I just don't like the way it's being marketed to you as somebody who makes masks. Yeah. And it's not a very high quality mask either. The kids mask was one of the poorest quality made kids... One side's pretty good, kids mask that we've seen. The other thing that I saw, and I'm just going to do this here, I'm just going to do this test, is on the kids mask, it shouldn't tear that easily. It shouldn't tear that easily. This is the RK N95. Okay. See, it should rip like this. It shouldn't break evenly. A good weld should like rip apart, like ours did and that's what I was looking for it to do.
All right. Let's try the smell in the face there. Looks good. Nice nose wire. Fits well, soft polypropylene. Oh, interesting. The smell is a lot different than the kids mask. The kids masks had very low odor. This one smells like it's been in somebody's trunk, a trunk of a car. There's like some road smell, gasoline, something like that. A little more smell than I'm used to. And let me just show you one thing here real quick, just because I happen to notice it. You can tell that the quality is not ideal, because of the way that they're burning through. You see? The welds are so hot that they're burning through and look at how uneven they are. They should be right in the center and that's the mark of a good manufacturer.

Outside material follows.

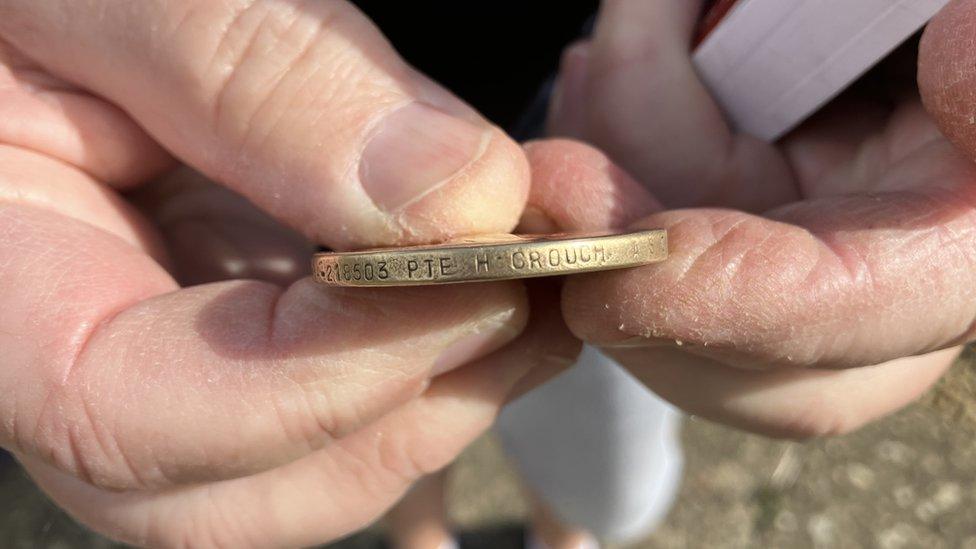 Close up of rim of the medal which displays Pte H Crouch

But does any of that matter if it doesn't protect you? This whole, a lot of that's subjective, they're claiming 99.5. The kids mask did 97%, so it didn't meet their own claims. This one, however, they got some good fabric on there. I got to give them that. 99.855. Ballsy claim to say 99.5%. I don't think I'd do that. I wouldn't claim every mask that came out of my factory would be that high. They're making that claim and in this case, they are meeting that claim.

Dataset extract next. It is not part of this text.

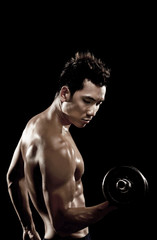 Fototapeta na wymiar Muscular man lifting dumbbell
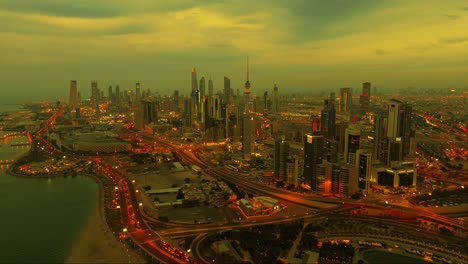 4k drone view of kuwait city during golden hour. illuminated skyline, glowing roads, and dramatic clouds. perfect for documentaries, travel content, or city b-roll.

What was the breathability?
Breathability was really good, 151. I mean, for something that's 99. Look, I've seen higher and I've seen better breathability. I typically want something to be 150 pascals or lower to wear it for eight hours, something like that. This is right at that, 151. So actually that's good. So from a fabric perspective, this is actually a really good mask and I was actually expecting it to do a lot worse, because the kids mask didn't do as well as this.

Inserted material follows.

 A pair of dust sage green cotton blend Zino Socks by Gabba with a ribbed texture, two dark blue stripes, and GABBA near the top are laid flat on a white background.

All right, guys. Thank you so much for watching. I appreciate your time and attention. Good fabric, good quality, but there are better deals personally on Amazon that I think you could get, even though they're not charging shipping, that's kind of a high price for five masks. All right. It's kind of a high price for five masks that are not being held to any sort of standard other than their own.
All right, guys, thank you so much for watching. Hope this has been helpful. And if it has, thanks for being here, I appreciate you. And I will see you on that next test, which we are doing every single day tomorrow at 10:00 AM. See you then.
Country of Origin
Why do you slam these masks? They state on the front of the package they are LL95 and do not claim to be KN95 as you put in the details. Clearly stated on the package they are made in the USA not China. In the details you state they are made in China by MI Technologies. Isn’t that the same company you state makes the Lutema masks you are give passing marks. You also state you don’t like that Little Lives are calling their masks LL95 but on your review of the Lutema M95c you like the fact that Lutema calls their masks M95c. Little Lives on their FAQ page goes into great detail explaining the different masks standards. I normally go to your videos of mask reviews, but your biased review and mis information as to the model number and where these masks are made have called your reviews of masks into judgement. Only shows a person should do their own research.